Moving to the Cloud is not as simple as “Just put it in the Cloud and we won’t have to do PCI.” The Cloud can reduce PCI Scope but it can also add to the complexity of maintaining PCI compliance. As we will discuss, the Cloud has benefits, but PCI compliance can be more complicated in the Cloud.

The Truth About PCI Compliance Following Cloud Migration

The biggest Cloud migration mistake we are seeing, as QSAs, is that organizations sometimes spend years migrating to the Cloud under the false premise that almost all PCI requirements will be eliminated. Finally, at the end of their long development cycle, they get hit with a PCI DSS assessment and are stunned because of the many PCI controls they failed to consider.

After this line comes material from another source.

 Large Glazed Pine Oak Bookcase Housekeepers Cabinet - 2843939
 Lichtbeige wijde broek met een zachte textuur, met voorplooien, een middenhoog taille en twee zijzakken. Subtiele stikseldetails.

Consequently, the Cloud migration project is late. Management puts pressure on the teams, customers end up waiting, and suddenly tons of PCI requirements block their release. Questions arise as to why the team missed these PCI controls, and it can be a very stressful realization that PCI compliance does not go away simply because functionality was moved into the Cloud.

Being able to answer a PCI Report on Compliance (RoC) with “N/A” for everything (or almost everything), and thus finally releasing you and your company of the burden of protecting payment card data, is attractive, of course. It is such an attractive scenario that many businesses are falling into the trap of “wishful thinking” that the Cloud makes their responsibilities disappear. They adopt an “out of sight, out of mind” view.

However, it’s important to understand what is specified within PCI Scope. It entails everything that can “adversely affect the security of cardholder data” – it’s not just the handling of the data itself. It encompasses all processes, technology, and people that affect the data security.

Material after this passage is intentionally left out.